To prove $\text{(3)}$, note that both sides of $\text{(3)}$ define entire functions in $x$. So, by the principle of analytic continuation, it suffices to verify the equality on a set having an accumulation point.

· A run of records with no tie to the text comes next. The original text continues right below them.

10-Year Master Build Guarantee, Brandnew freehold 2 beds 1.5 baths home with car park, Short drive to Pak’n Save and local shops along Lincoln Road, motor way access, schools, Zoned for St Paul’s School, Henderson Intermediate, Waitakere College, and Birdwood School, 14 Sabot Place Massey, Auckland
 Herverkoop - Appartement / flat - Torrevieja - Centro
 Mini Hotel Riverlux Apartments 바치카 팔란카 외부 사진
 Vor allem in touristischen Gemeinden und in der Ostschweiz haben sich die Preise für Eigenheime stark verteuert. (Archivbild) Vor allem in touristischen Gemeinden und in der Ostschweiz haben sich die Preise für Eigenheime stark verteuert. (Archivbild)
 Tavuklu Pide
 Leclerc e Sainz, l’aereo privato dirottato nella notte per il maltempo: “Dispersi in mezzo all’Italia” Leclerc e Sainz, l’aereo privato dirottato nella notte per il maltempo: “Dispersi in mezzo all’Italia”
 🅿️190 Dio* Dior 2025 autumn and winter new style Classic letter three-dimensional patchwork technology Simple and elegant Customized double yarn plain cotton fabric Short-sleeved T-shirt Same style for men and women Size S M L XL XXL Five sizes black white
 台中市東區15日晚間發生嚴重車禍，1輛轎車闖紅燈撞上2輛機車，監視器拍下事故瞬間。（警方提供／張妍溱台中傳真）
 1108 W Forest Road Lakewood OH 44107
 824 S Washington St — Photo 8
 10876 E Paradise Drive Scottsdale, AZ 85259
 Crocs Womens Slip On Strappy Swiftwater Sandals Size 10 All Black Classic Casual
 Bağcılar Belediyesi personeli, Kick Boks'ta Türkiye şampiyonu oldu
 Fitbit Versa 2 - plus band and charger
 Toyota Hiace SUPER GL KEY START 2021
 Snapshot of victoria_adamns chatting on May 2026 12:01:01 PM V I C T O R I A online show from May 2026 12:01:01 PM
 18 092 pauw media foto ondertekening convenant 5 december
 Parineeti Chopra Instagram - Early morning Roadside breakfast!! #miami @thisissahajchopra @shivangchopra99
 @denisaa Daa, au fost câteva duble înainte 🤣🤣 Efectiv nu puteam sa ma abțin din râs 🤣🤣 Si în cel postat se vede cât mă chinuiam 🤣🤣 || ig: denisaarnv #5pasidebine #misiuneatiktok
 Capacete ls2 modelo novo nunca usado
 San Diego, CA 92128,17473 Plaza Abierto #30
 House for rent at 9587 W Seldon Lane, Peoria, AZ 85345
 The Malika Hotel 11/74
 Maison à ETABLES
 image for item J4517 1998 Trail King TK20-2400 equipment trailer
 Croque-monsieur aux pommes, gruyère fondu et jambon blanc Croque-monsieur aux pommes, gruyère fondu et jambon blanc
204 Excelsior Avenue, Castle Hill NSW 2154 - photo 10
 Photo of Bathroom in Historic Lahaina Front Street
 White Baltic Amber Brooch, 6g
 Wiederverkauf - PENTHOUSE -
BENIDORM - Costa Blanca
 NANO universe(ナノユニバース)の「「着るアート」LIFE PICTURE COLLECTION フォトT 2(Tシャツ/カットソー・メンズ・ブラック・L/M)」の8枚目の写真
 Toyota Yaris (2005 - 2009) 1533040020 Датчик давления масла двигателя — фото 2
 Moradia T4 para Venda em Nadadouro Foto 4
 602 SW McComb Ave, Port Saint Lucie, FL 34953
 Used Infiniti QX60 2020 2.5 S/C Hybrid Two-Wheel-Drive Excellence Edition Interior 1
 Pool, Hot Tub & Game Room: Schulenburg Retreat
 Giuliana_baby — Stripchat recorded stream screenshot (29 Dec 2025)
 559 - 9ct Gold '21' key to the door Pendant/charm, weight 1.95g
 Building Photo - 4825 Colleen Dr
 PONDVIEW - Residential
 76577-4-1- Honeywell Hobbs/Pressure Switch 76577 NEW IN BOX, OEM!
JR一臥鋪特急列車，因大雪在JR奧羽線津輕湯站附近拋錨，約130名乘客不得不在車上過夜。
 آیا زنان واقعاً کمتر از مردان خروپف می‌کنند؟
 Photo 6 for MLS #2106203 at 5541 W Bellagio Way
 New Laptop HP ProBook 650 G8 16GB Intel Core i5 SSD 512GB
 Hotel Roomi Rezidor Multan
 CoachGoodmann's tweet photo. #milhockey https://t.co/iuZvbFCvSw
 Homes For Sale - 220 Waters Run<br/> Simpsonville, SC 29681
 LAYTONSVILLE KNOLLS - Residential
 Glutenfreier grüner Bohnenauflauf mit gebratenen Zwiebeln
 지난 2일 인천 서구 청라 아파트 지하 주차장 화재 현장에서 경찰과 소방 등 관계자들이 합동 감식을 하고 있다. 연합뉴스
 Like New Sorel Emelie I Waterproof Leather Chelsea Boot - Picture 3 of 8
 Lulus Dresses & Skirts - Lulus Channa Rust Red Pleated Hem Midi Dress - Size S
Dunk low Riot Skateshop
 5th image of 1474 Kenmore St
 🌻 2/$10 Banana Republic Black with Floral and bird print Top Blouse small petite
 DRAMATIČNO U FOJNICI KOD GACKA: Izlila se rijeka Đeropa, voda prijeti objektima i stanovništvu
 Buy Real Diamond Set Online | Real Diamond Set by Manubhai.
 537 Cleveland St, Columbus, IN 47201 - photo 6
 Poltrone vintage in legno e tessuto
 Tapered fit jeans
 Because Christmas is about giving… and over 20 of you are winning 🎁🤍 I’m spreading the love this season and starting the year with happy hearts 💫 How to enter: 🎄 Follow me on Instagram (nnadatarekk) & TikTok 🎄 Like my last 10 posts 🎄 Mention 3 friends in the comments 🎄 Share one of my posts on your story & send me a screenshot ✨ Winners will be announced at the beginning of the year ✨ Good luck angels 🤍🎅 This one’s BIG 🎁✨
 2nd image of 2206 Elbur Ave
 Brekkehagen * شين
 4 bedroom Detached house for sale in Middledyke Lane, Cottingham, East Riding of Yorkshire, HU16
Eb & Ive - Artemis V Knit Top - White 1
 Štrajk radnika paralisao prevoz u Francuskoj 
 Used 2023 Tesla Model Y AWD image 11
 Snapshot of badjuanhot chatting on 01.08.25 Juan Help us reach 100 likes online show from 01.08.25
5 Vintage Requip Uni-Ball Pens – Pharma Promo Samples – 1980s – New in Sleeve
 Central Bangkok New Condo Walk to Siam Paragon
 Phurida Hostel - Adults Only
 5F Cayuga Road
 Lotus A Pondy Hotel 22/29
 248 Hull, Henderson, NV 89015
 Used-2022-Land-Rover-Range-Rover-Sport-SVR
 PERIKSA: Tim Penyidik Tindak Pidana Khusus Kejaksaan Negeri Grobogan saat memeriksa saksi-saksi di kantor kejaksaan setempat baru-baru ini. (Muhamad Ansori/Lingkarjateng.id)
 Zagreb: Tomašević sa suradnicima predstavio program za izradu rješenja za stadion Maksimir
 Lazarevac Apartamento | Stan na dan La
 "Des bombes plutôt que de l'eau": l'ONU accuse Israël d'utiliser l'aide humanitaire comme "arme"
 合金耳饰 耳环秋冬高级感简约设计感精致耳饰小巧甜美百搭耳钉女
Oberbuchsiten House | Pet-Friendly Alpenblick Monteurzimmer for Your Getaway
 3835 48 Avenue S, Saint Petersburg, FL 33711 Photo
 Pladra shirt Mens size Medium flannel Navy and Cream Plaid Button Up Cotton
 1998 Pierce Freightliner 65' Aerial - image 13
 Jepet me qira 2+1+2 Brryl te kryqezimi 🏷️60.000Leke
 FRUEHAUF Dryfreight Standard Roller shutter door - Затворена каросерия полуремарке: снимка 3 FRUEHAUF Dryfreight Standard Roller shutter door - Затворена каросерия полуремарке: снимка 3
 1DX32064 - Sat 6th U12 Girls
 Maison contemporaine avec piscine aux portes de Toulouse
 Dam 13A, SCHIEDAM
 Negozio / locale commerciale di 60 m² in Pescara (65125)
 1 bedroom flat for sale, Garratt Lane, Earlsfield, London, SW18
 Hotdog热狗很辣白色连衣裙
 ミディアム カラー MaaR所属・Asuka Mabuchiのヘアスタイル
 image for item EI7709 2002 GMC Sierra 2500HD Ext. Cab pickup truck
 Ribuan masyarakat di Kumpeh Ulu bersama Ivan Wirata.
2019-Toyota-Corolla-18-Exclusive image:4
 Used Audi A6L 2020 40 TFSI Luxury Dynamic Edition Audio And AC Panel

Now choose the principal branch cut for the complex logarithm and make the substitution $z = e^{2\pi i \xi}$. If $\mathcal{C}$ parametrizes the unit circle minus the principal branch cut in the counterclockwise orientation, then
\begin{align*}
I(\alpha, x)
&= \frac{1}{2\pi i} \int_{\mathcal{C}} (1+z)^{\alpha}z^{-x-1} \, \mathrm{d}z
\end{align*}
For the purpose of the proof, we restrict ourselves to the case $x < 0$. Then the integrand is analytic on $\mathbb{C}\setminus(-\infty, 0]$. By invoking the keyhole contour,
\begin{align*}
I(\alpha, x)
&= \frac{1}{2\pi i} \lim_{\epsilon \to 0^+} \biggl( \int_{-1-\epsilon i}^{-\epsilon i} (1+z)^{\alpha}z^{-x-1} \, \mathrm{d}z + \int_{\epsilon}^{-1+\epsilon i} (1+z)^{\alpha}z^{-x-1} \, \mathrm{d}z \biggr) \\
&= \frac{1}{2\pi i} \biggl( \int_{0}^{1} (1-t)^{\alpha}e^{-i\pi(-x-1)} t^{-x-1} \, \mathrm{d}t - \int_{0}^{1} (1-t)^{\alpha}e^{i\pi(-x-1)}t^{-x-1} \, \mathrm{d}t \biggr) \\
&= \frac{\sin(-\pi x)}{\pi} \int_{0}^{1} (1-t)^{\alpha} t^{-x-1} \, \mathrm{d}t.
\end{align*}
Finally, using the beta function identity and Euler's reflection formula, the above simplifies to
$$ I(\alpha, x) = \frac{1}{\Gamma(-x)\Gamma(x+1)} \cdot \frac{\Gamma(\alpha+1)\Gamma(-x)}{\Gamma(\alpha-x+1)} = \binom{\alpha}{x}. $$
Therefore $\text{(3)}$ holds for $ x < 0$, and thus for all of $x \in \mathbb{C}$, completing the proof.
A: We have:
$$\int_{-\infty}^\infty\binom0t~\mathrm dt=\int_{-\infty}^\infty\frac{\sin(\pi t)}{\pi t}~\mathrm dt=1$$
and
$$\int_{-\infty}^\infty\binom xt~\mathrm dt=\int_{-\infty}^\infty\binom{x-1}{t-1}+\binom{x-1}t~\mathrm dt=2\int_{-\infty}^\infty\binom{x-1}t~\mathrm dt$$
which proves this is indeed equivalent to $2^x$ for integer $x$ where it converges. Further we know that this is at the very least a piecewise exponential function, depending on what happens for $x\in(0,1)$.